Lesetipp von
Sigrid Lemke
25.03.2022

Pauline de Bok ist Niederländerin mit einem Zweitwohnsitz in Mecklenburg mitten auf dem Land. Genauer: in Blankow am Mürzinsee (das sind fiktive Ortsnamen, aber beim Lesen des Buches hat man immer wieder das Bedürfnis, auf der Karte nachzuschauen, wo wir uns gerade befinden).
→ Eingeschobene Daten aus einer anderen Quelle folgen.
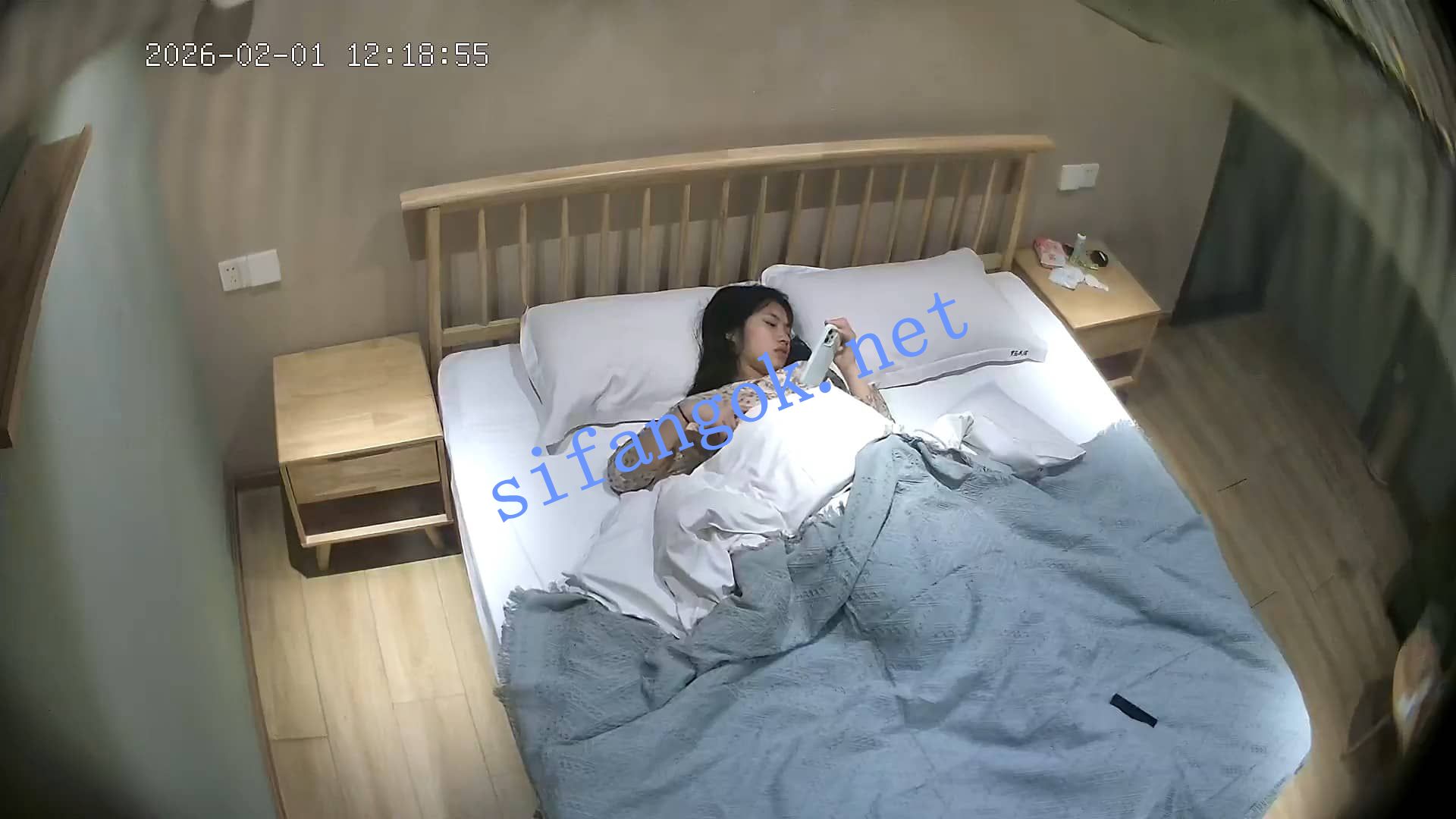 ❤️20260201❤️舔逼狂魔把气质女友舔的意乱情迷一脸的享受 预览图 2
De Bok beschreibt 18 Monate in der Natur auf ihrem Hof. Der Tümpel in ihrem Garten trocknet aus – ist das eine Folge des Klimawandels? Welche Auswirkungen auf die Biodiversität in ihrem Biotop hat das? Sie beobachtet jedes Tier, zum Beispiel Frösche, Mäuse, Wildschweine und Waschbären. Sie belauscht Hirsche, Kraniche und Spatzen und bringt uns mit ihren Beobachtungen das „Landleben" näher.

Aber Pauline de Bok beschreibt auch nüchtern das ewige Dilemma, die Natur zu schützen, ohne zu sehr in den Kreislauf einzugreifen. Sie erzählt vom Fressen und gefressen werden und ihren Gedanken beim Töten eines Waschbären.

Wie schon in ihrem ersten Buch „Blankow oder das Verlangen nach Heimat" schafft es de Bok, die LeserInnen zu fesseln und ihnen die Wahrnehmung der Natur näher zu bringen.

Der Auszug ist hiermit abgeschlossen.